### Data
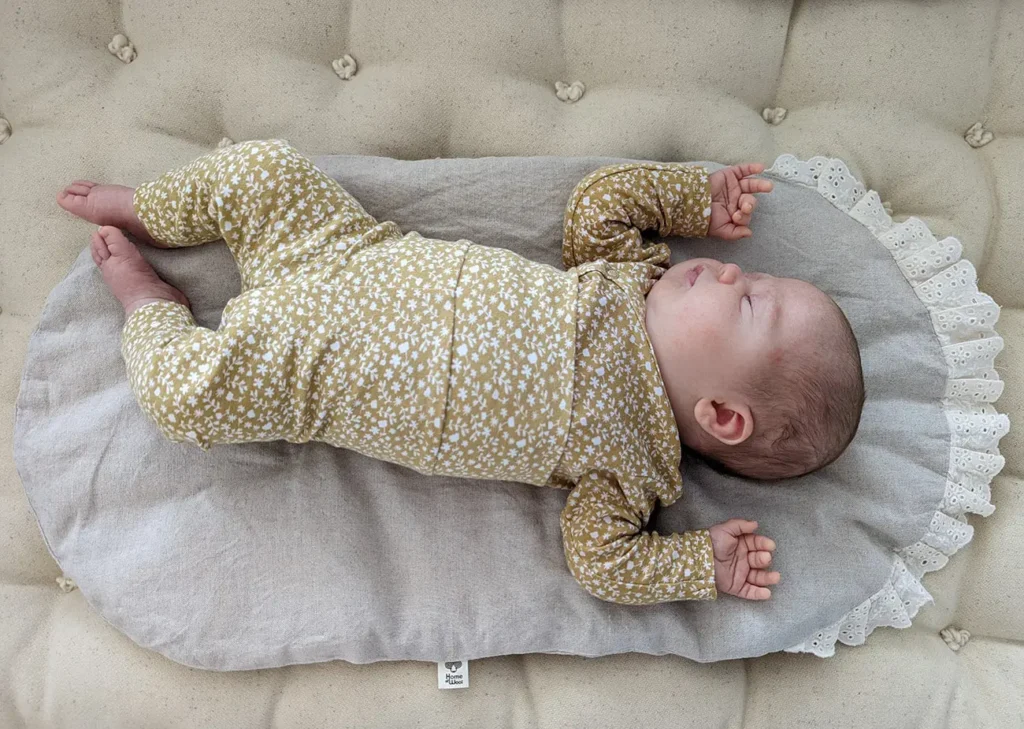 baby sleeping on a wool mattress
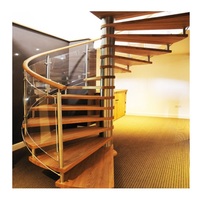 Tangga Spiral Indoor Elegan Desain Helikal dengan Struktur Baja dan Anak Tangga Kayu Solid untuk Interior Mewah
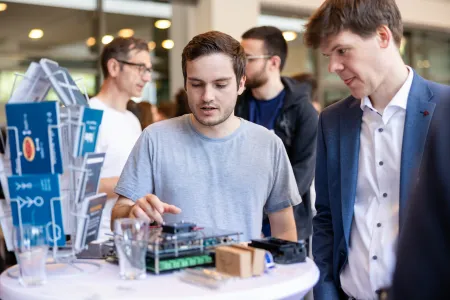 Zwei junge Männer an einem Messestand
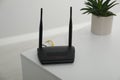 Modern Wi-Fi router on white table in room. Space for text Royalty Free Stock Photo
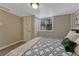 A cozy bedroom featuring carpet, a bed, and a wooden closet door at 1334 Xavier St, Denver, CO 80204
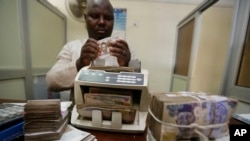 FILE - A money changer counts Nigerian naira currency in Lagos, Nigeria, Oct. 20, 2015. 
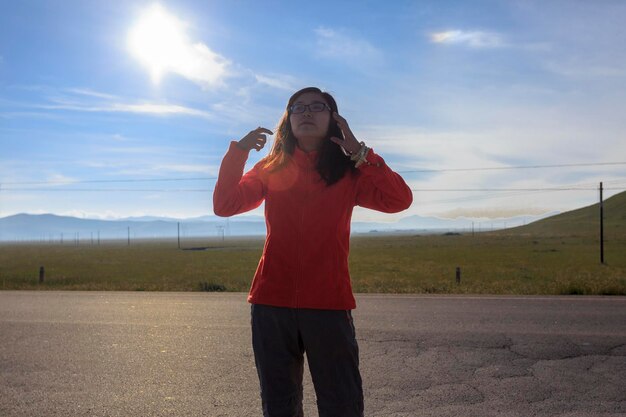 Foto mujer joven de pie en la carretera por el paisaje durante un día soleado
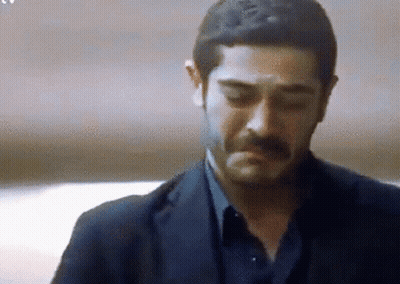 Man With Mustache In Suit Looking Down Eyes Closed GIF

### What you will do
Exactly repeat only the lines from the one with "FILE - A money" to the closing line above, both included, and omit every picture.

### Response
 FILE - A money changer counts Nigerian naira currency in Lagos, Nigeria, Oct. 20, 2015. 
 Foto mujer joven de pie en la carretera por el paisaje durante un día soleado
 Man With Mustache In Suit Looking Down Eyes Closed GIF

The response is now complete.